BEGIN
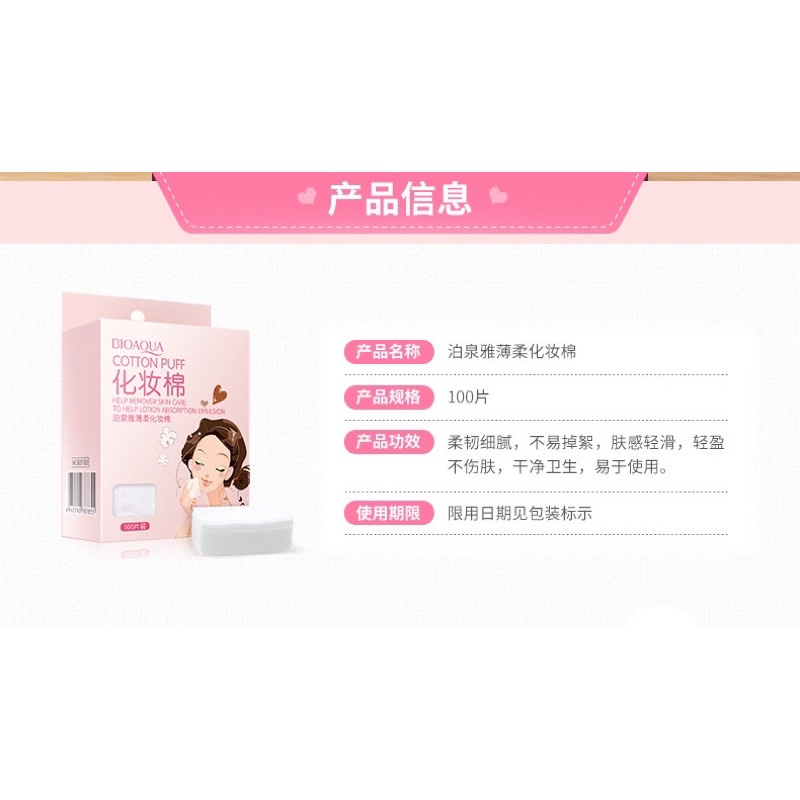 Bông tẩy trang Bioaqua Bông tẩy trang 1 lớp 100% cotton Bông lau toner Surica BTT01 (100c)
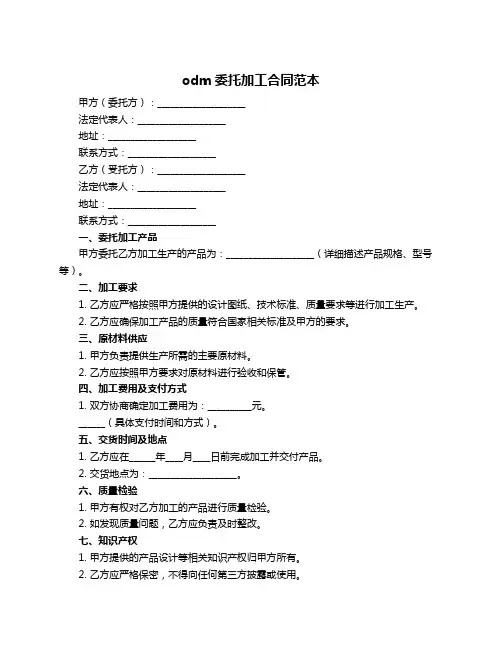 odm委托加工合同范本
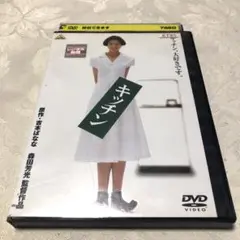 キッチン　DVD 吉本ばなな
END
Work order - When a picture appears in the material, please pass over it while retyping the rest exactly.

Answer -
 Bông tẩy trang Bioaqua Bông tẩy trang 1 lớp 100% cotton Bông lau toner Surica BTT01 (100c)
 odm委托加工合同范本
 キッチン　DVD 吉本ばなな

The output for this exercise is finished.